===== Entries supplied =====
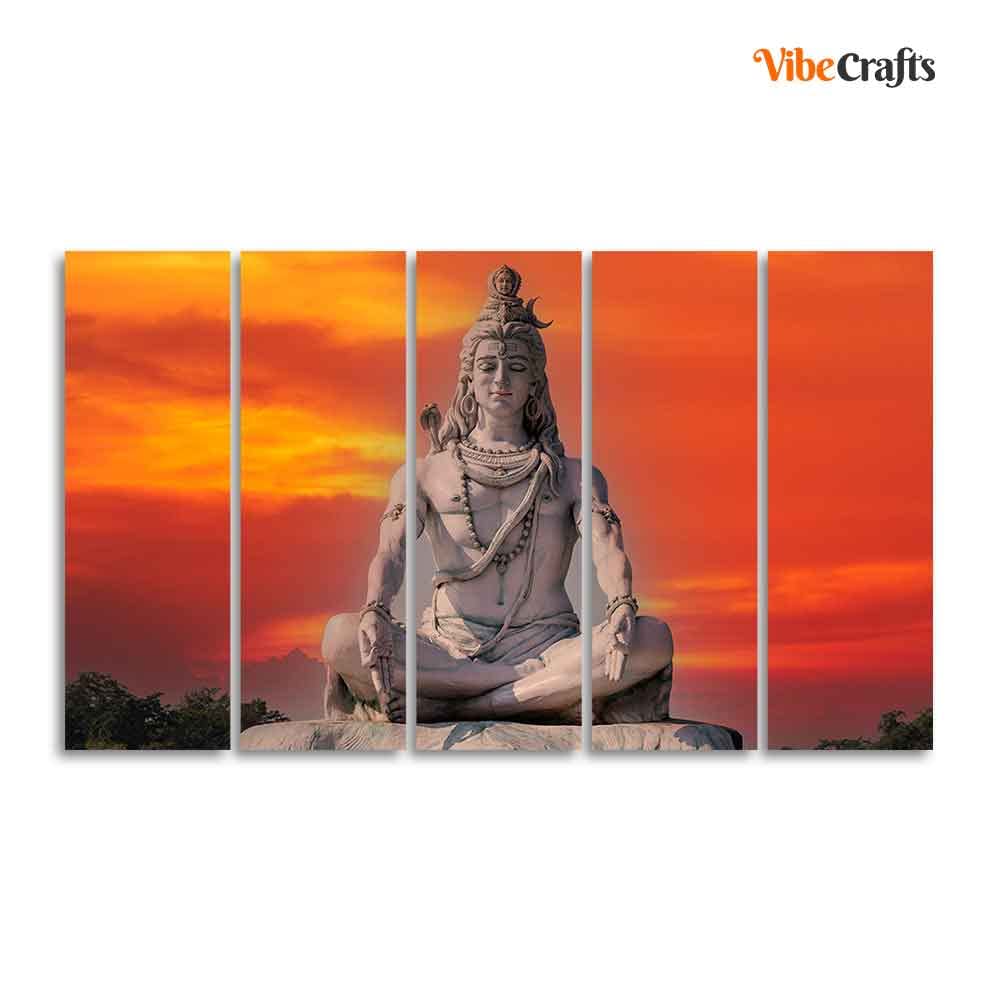 VIBECRAFTS Shiva Meditating Wall Painting of Five Pieces For Home|Office|Living Room|Gift (PTVC5Pcs4_8739)
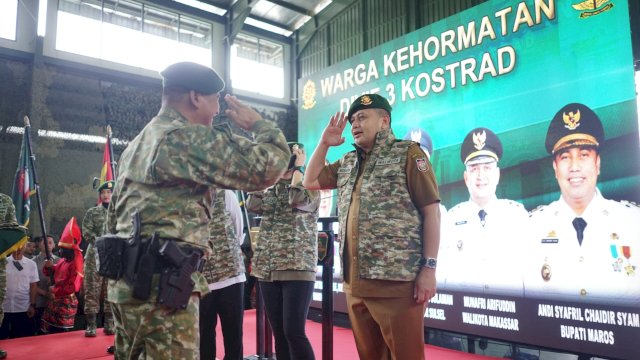 Terima Gelar Warga Kehormatan Kostrad, Munafri: Sinergitas TNI dan Pemerintah Jaga Masyatakat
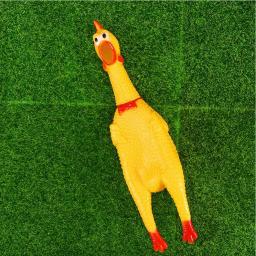Frango squealing para pet, borracha amarela mastigar brinquedo para cachorro, brinquedo engraçado mastigar - Image 6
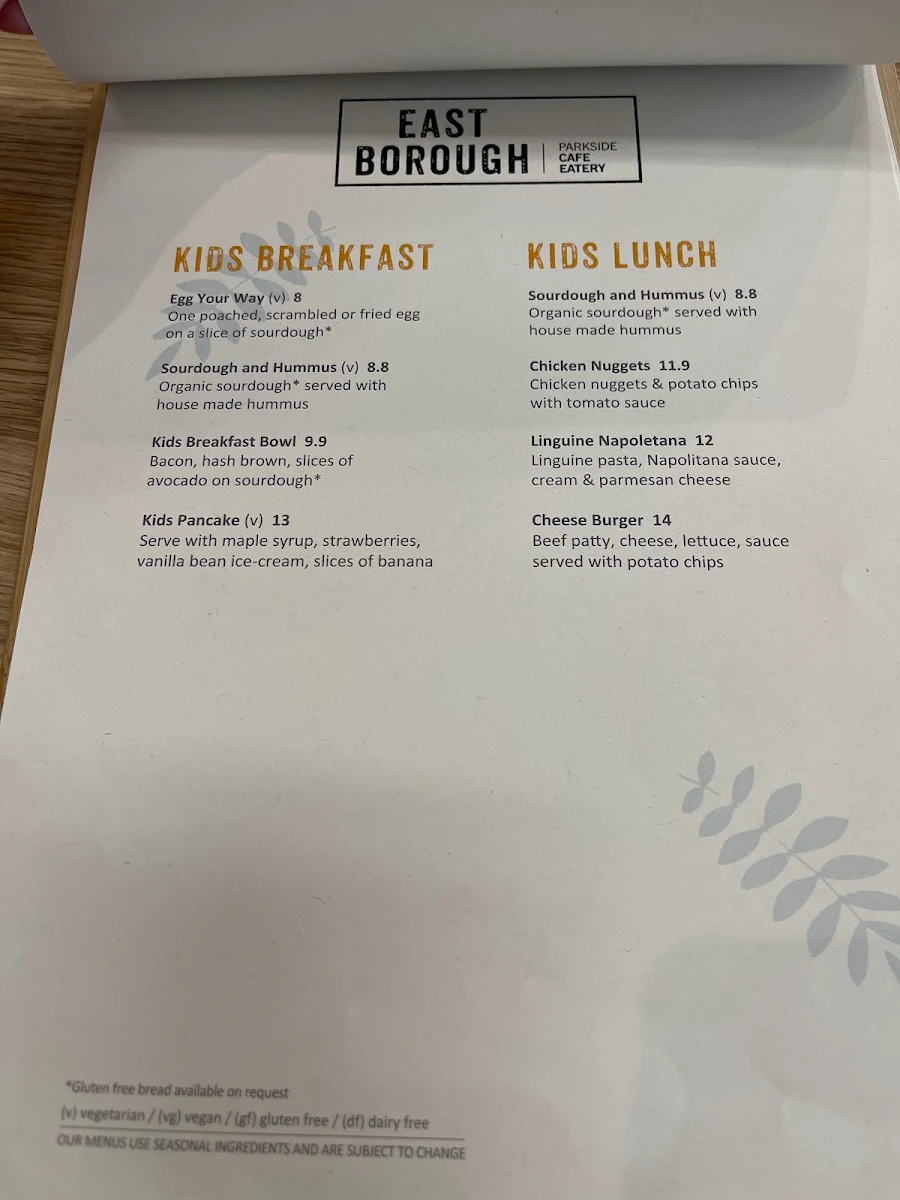 Menu, East Borough Eatery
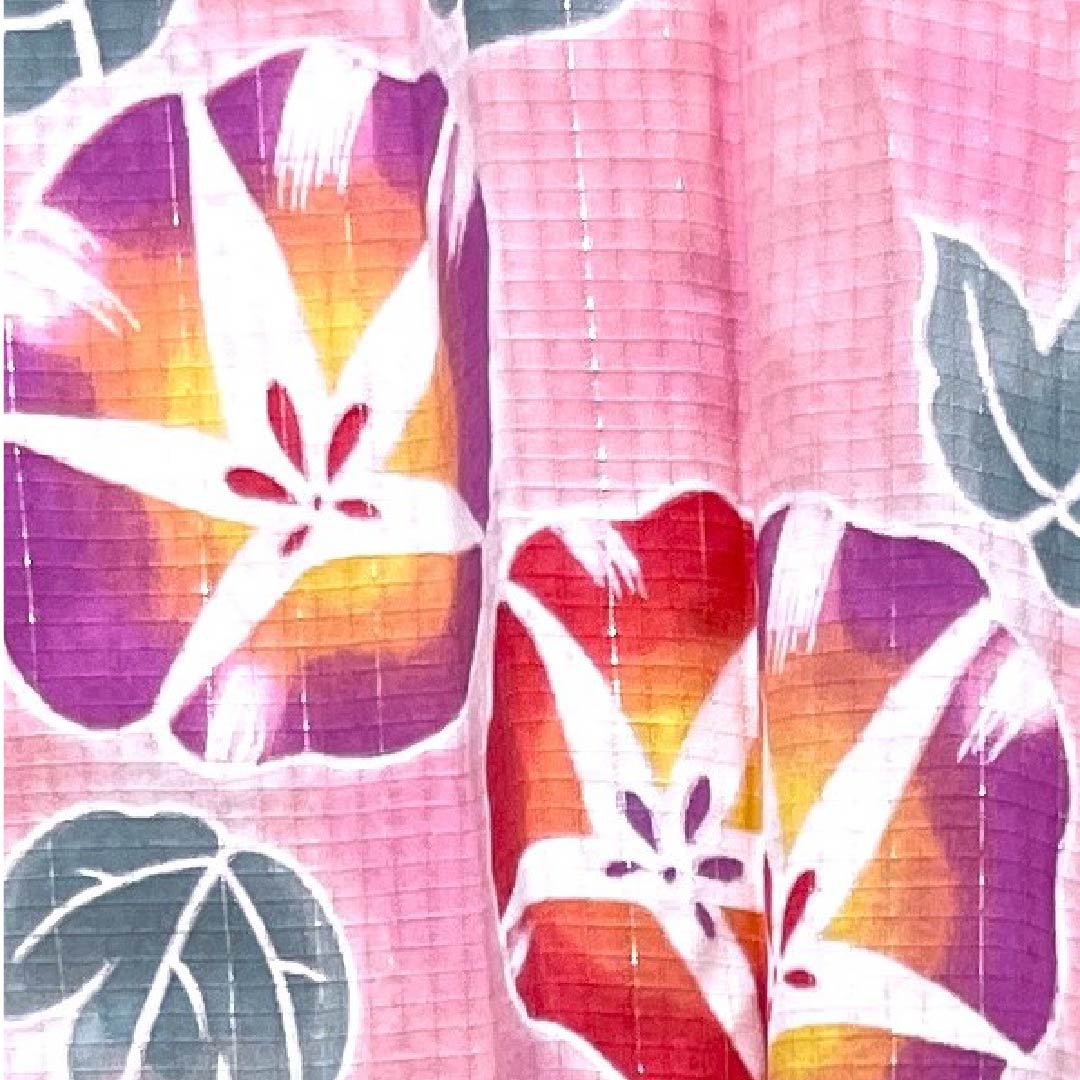 浴衣 洎夫藍色 浅紅色 朝顔 銀糸 木綿 Sランク 単衣 身丈162cm 裄丈64cm ピンク系 1118004252413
=====
Aim of the task:
Write out exactly, with no pictures, each line from the one containing "Frango squealing para" through the last line of the listing above, both included.

Response box:
Frango squealing para pet, borracha amarela mastigar brinquedo para cachorro, brinquedo engraçado mastigar - Image 6
 Menu, East Borough Eatery
 浴衣 洎夫藍色 浅紅色 朝顔 銀糸 木綿 Sランク 単衣 身丈162cm 裄丈64cm ピンク系 1118004252413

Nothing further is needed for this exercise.